20220924(b) – Crown Point State Historic Site, New York

SATURDAY 24 September

This is the second of two posts for this date, the “B side” so to speak.  The ‘A’  post was about our very enjoyable morning visit to the amazing Original Series Star Trek Experience in Ticonderoga, New York.  We returned to the trailer afterwards to open it up and let it air/dry out as the forecast for temperatures in the upper 60’s and no threat of rain.  We then headed back up NY-9N all the way to the Crown Point State Historic Site (SHS) at the Lake Champlain Bridge to Vermont.

Crown Point SHS is both a historical landmark and archeological site that was gifted to New York State in 1910 for preservation.  Based on the brochure/map we received, it is jointly managed by New York State Parks, Recreation, and Historic Preservation, and the New York Department of Environmental Conservation.
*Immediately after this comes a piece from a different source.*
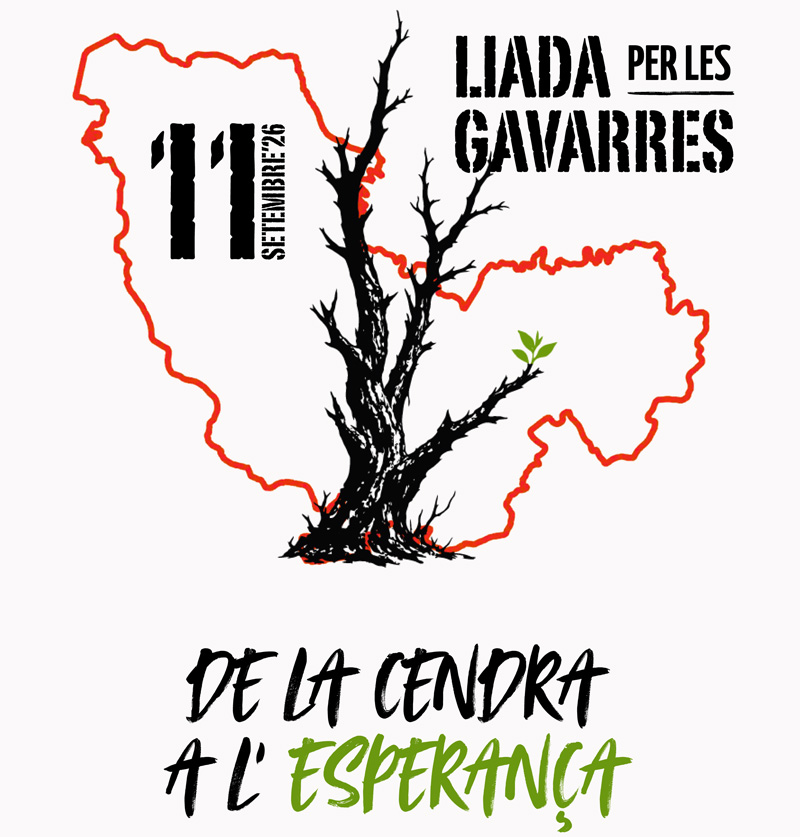Cartell de l'esdeveniment solidari 'La Liada per les Gavarres'.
The main reason the site exists is the presence of the ruins of two military fortifications:  Fort St. Frédéric (French; construction 1734–1737; occupation 1737–1759; destroyed and abandoned 1759), and His Majesty’s Fort of Crown Point (British; construction 1759–1763; occupation 1763–1775, 1776–

1783).  The site has a trail system that leads visitors to some of the outlying features, or just provides nice walking paths.  There is also a small museum building.  The site was free to enter, but the museum was $4 admission per person.  We skipped the museum, but not because of the cost.  The historical significance of this site, however, was older than just European powers vying for control of northeastern North America.  From the brochure/map:

“The Landscape before you has served as a boundary between cultures for hundreds of years.  It delineated territories between the Kanien Kehaka (Mohawk) Nation of the Haudenosaunee (Iroquois) Confederacy to the West and the Abenaki Nation of the Algonquian peoples to the East.

Samuel de Champlain was the first known European to travel this vast lake in 1609.  Waterways were the dominant transport routes in the seventeenth century, and command of this narrow channel could control trade and settlement between Montreal and New York City.  Since 1731, this area has been occupied by Indigenous, French, British, and Colonial forces all competing for strategic and commercial control of this corridor.”
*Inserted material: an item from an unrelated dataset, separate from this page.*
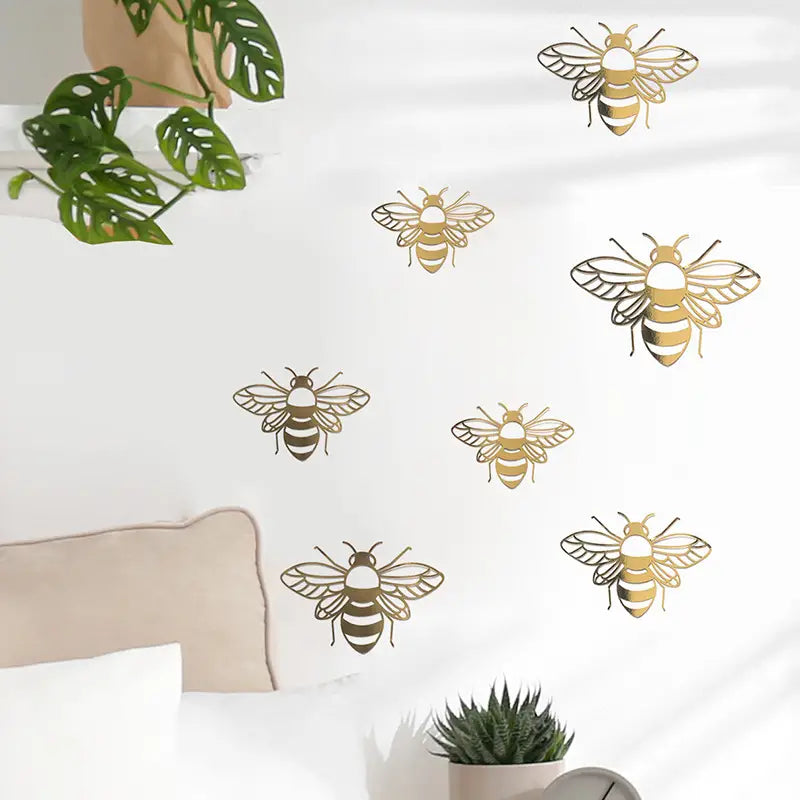 12pcs Removable Bee Wall Stickers for Home Decor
I would add that the site occupies the northern tip of small peninsula with nice views of Lake Champlain, New York and Vermont.

Following are eight photos from our visit, all shot with the SONY SLT a99v (DSLR).  They are not a complete visual documentation, just a few photos that I liked.
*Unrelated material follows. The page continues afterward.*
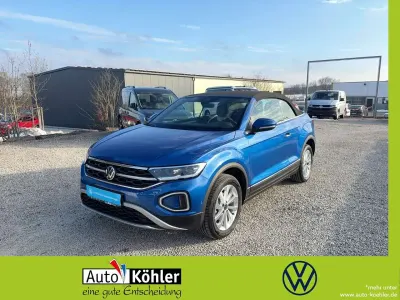 Używany VW T-Roc Cabriolet Style 150 KM (110 kW) 2025 Niebieski Kabriolet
Remnants of the double wall that outlined the French fort.  The grassy area in-between was a walkway known as a terreplein (pronounced ‘tear-a-plane’).

The circular brickworks were the bases of four bee hive bread ovens.  They had the capacity bake 900 loaves of bread every day.  The modern Lake Champlain Bridge in the background on the right.

Linda looks at a pile of rubble and the remains of walls that were the Tower Redoubt / Citadel in the north bastion of the French fort.  It had 12-foot-thick walls that were six stories high.

The west Bastion of the French fort.

Looking south through the entry to His Majesty’s Fort of Crown Point on the north wall of the fort.  The stone building on the far side of the parade ground was the ‘soldiers’ barracks (as opposed to the ‘officers’ barracks).

The soldiers’ barracks on the right (in shade) and the officers’ barracks (distant, in light).  The entry to the fort is to the left of the officers’ barracks.  The fort enclosed over seven acres, making it one of the largest forts built by the British in North America.

The stonework was very impressive.    According to the brochure/map, “It took more than 3,000 carpenters, masons, and soldiers four years to complete construction of the British fort.  Walls were constructed of squared logs that rose twenty-seven feet above the stone foundation.

The two stone columns and rubble lying along the west wall of the fort are the remnants of a second soldiers’ barracks that was never completed.  Part of Lake Champlain is visible, with some of New York’s Adirondack mountains beyond.  Crown Point is at the southernmost extent of the ‘wide’ portion of the Lake, which narrows at this point but extends farther south for a considerable distance to Whitehall, New York.  The Lake drains to the north via the Richelieu River which flows into the St. Lawrence River at Sorel-Tracy, Quebec, northeast and downstream of Montreal, Quebec.  The Champlain Canal connects the lake to the Hudson River to the south.